Between 2002 and 2005, a serial killer who became known as the West Mesa Bone Collector murdered and buried 11 women in the outskirts of Albuquerque, New Mexico. To this day, law enforcement officials have been unable to discover the true identity of the murderer, despite the fact that they have a list of potential suspects, two of whom are already dead. The stuff of a mystery television show, the Bone Collector's saga will leave you with goosebumps.

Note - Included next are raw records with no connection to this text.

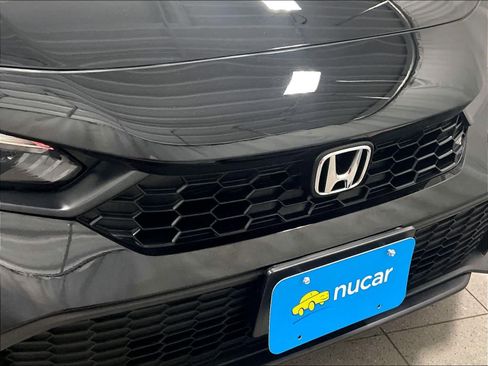 Used 2025 Honda Civic Sport image 31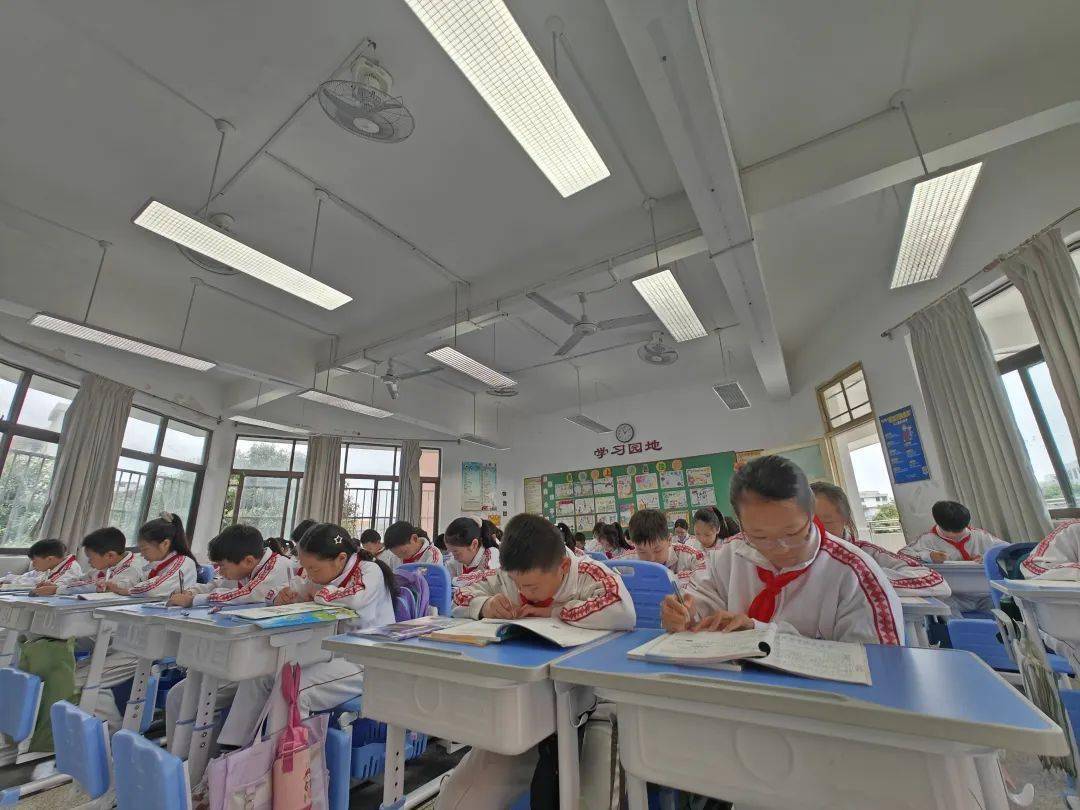 饶平学子开启"热辣滚烫"新学期!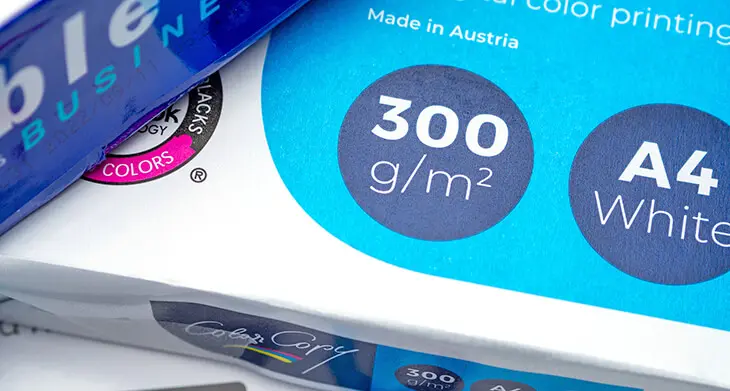 Close-Up auf die Angabe der Grammatur 300 g/m² auf einem Paket Kopierpapier. Weitere andere Kopierpapier-Pakete ragen ins Bild. Foto: Johanna Rundel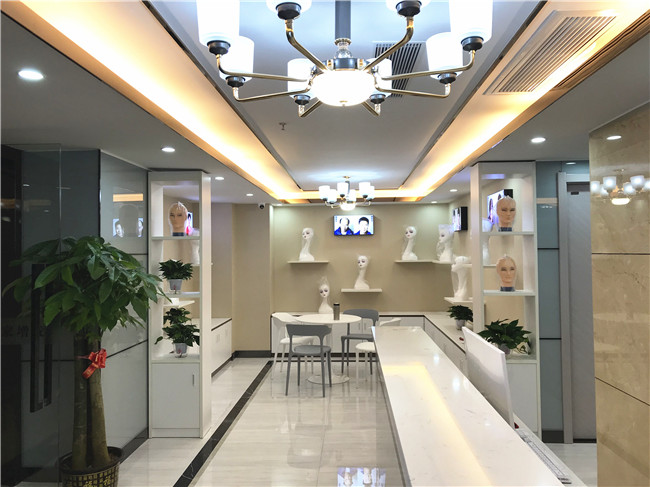 热烈庆贺韩艺家南宁店隆重开业 展示台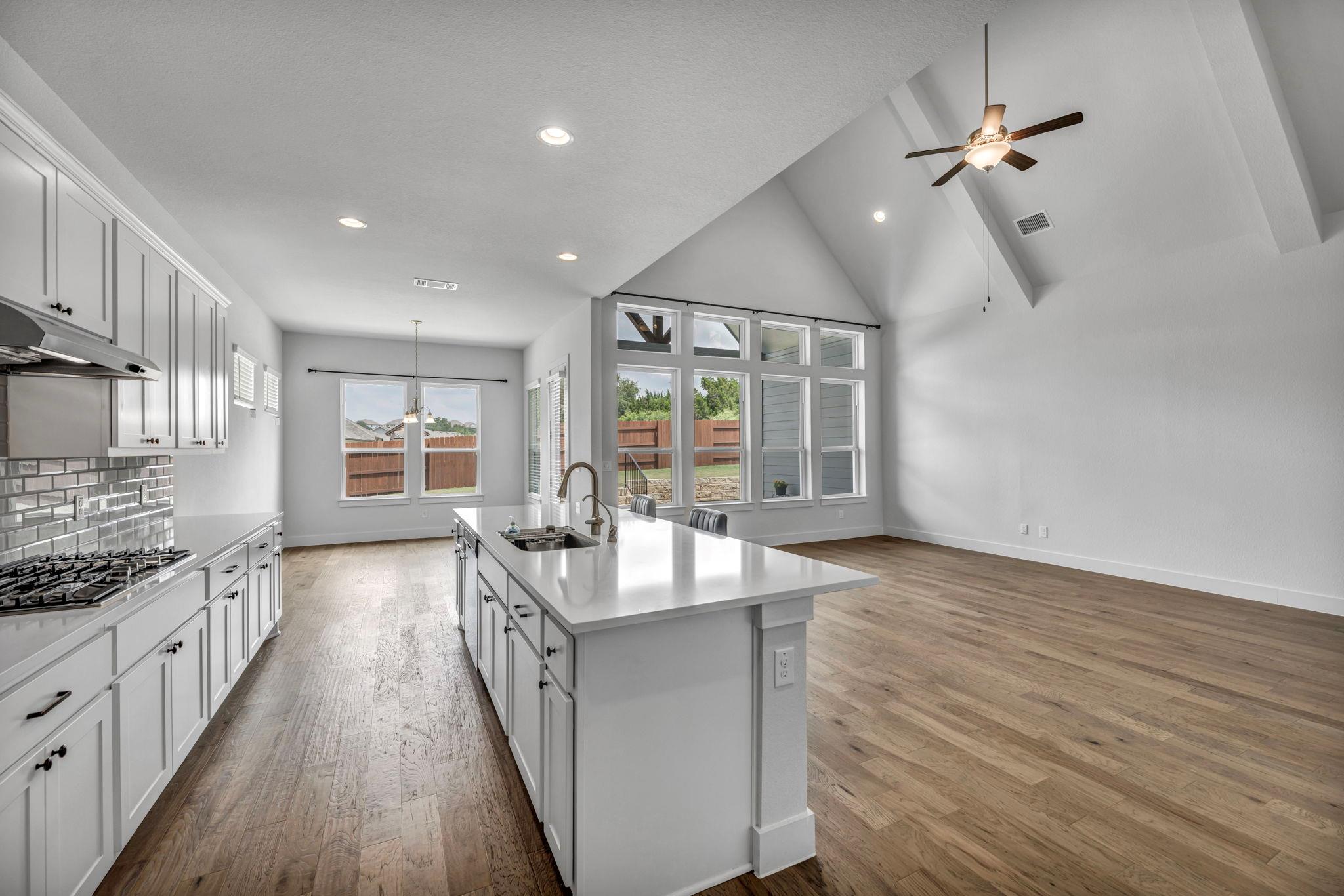 151 ROSE HEATH Ln, Liberty Hill, TX 78642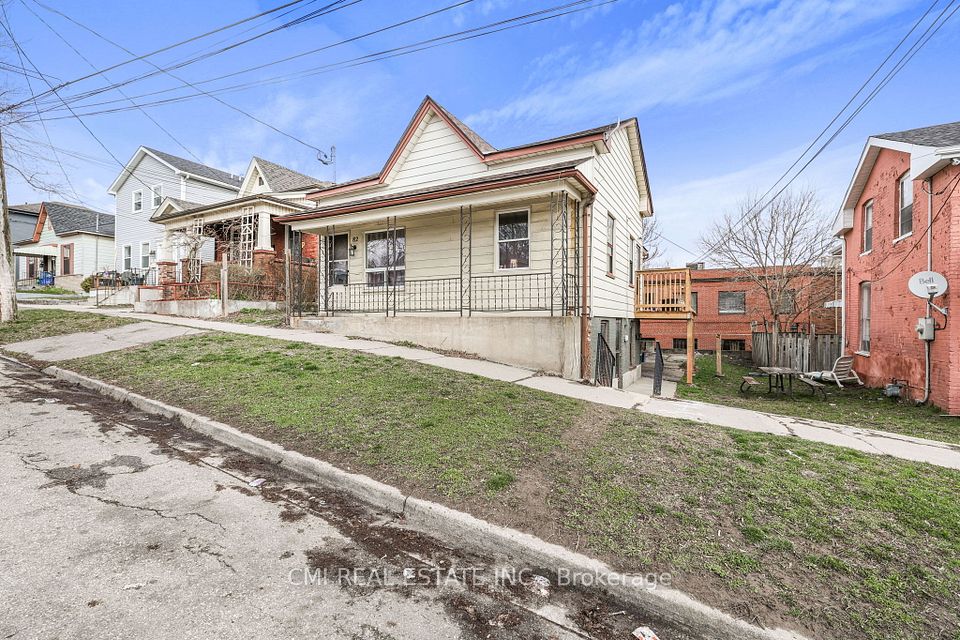 82 Marlborough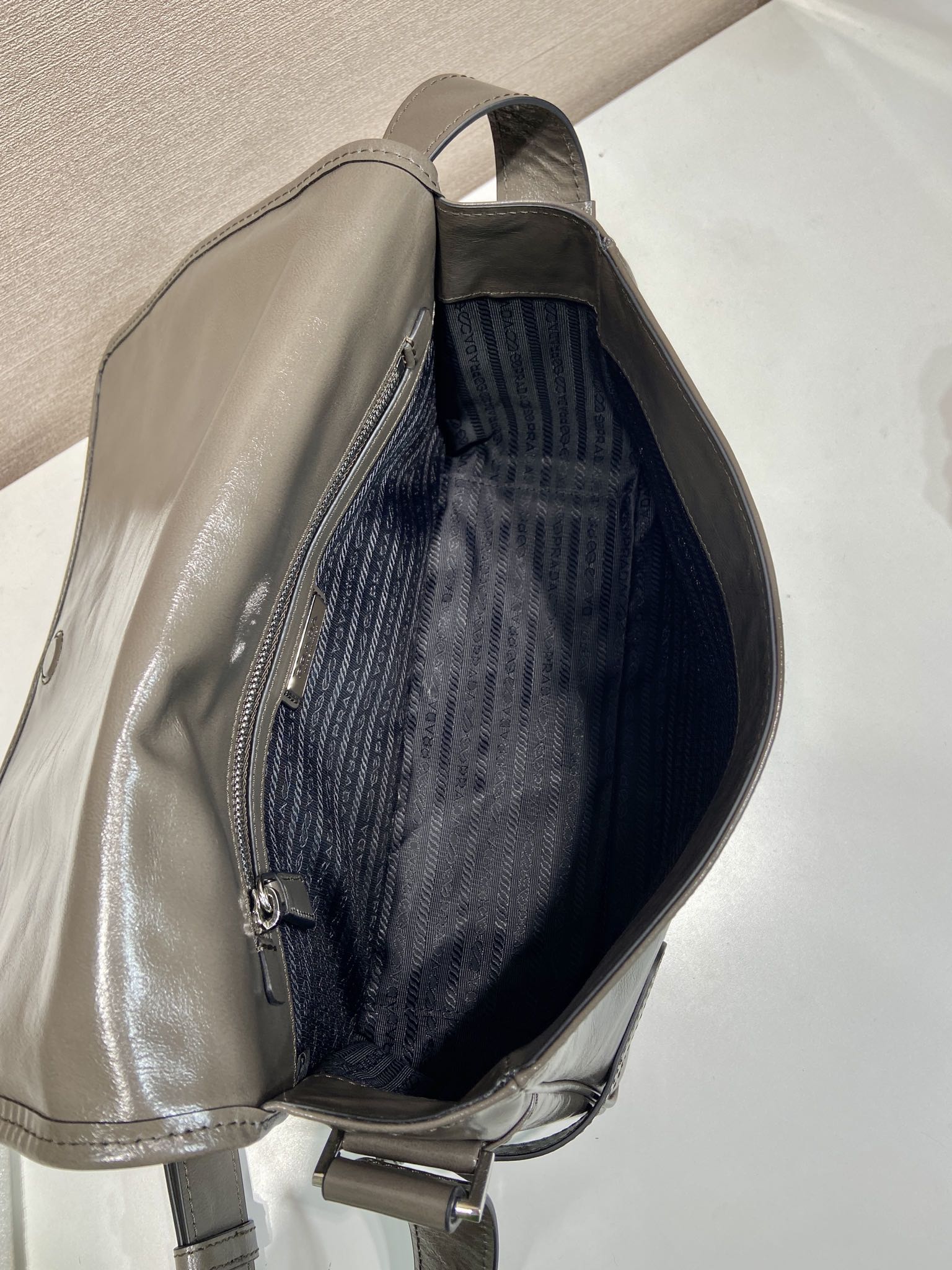 P-Shoulder Bag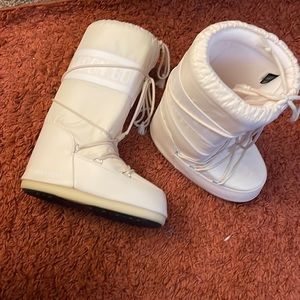 Moon boots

All of the West Mesa Bone Collector's victims fall between the ages of 15 and 32, fit a specific profile, were suspected to be involved in the Albuquerque drug scene, and worked as prostitutes. Like many other infamous unsolved murders, the true identity of the West Mesa Bone Collector remains a mystery due to a lack of new evidence, and it's likely that these crimes will remain unsolved until someone comes forward. Until then, this is everything we know about the West Mesa Bone Collector.
When a collection of bodies was discovered in the desert outside of Albuquerque, NM, it wasn't just the number of bodies that were found that stunned investigators, but the way in which they were buried. The bodies of 11 women and one unborn child were found not in a single mass grave, but rather they were found scattered across a desolate, empty plot of land.
Because of this, it took law enforcement officials quite some time to recover all of the bodies. Then, they started the arduous process of identifying each of them, quickly coming to realized that many of them had been missing for years. By the end of their investigation, the bodies of 11 women had been identified: Jamie Barela, Monica Candelaria, Victoria Chavez, Virginia Cloven, Syllania Edwards, Cinnamon Elks, Doreen Marquez, Julie Nieto, Veronica Romero, Evelyn Salazar, and Michelle Valdez.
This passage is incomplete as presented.